**The task:** Give back the full listing verbatim, apart from its images.

**Source material:**
------

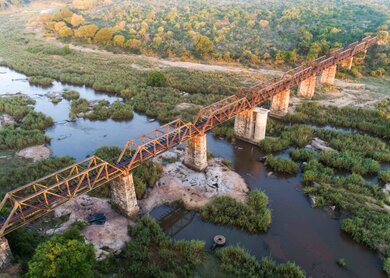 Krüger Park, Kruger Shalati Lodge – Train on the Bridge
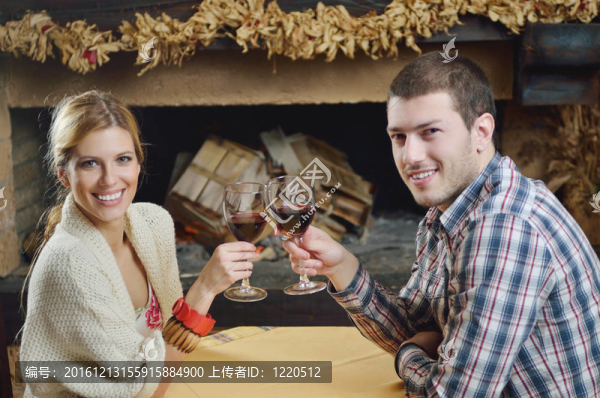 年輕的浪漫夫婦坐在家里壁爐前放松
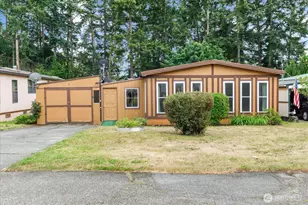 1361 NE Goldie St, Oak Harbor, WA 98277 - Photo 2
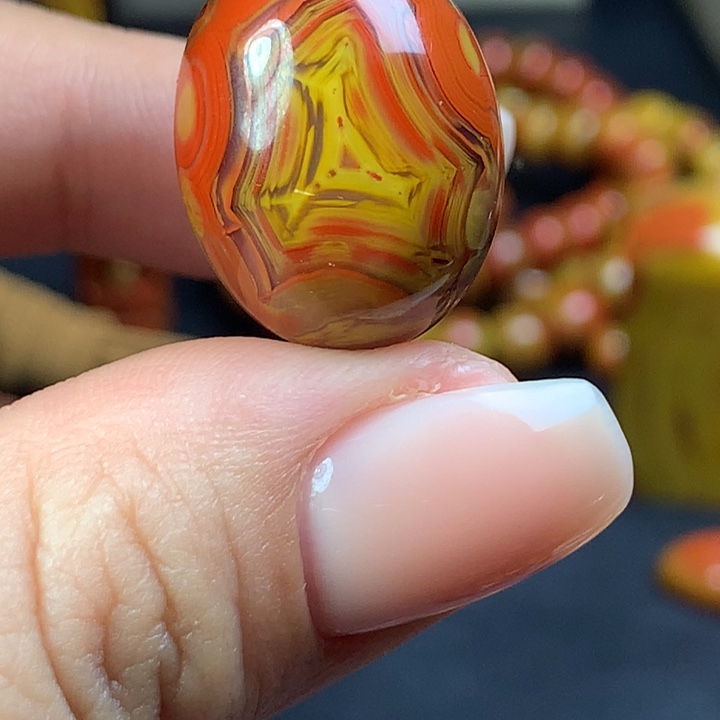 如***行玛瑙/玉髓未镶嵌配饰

------

**Reply:**
 Krüger Park, Kruger Shalati Lodge – Train on the Bridge
 年輕的浪漫夫婦坐在家里壁爐前放松
 1361 NE Goldie St, Oak Harbor, WA 98277 - Photo 2
 如***行玛瑙/玉髓未镶嵌配饰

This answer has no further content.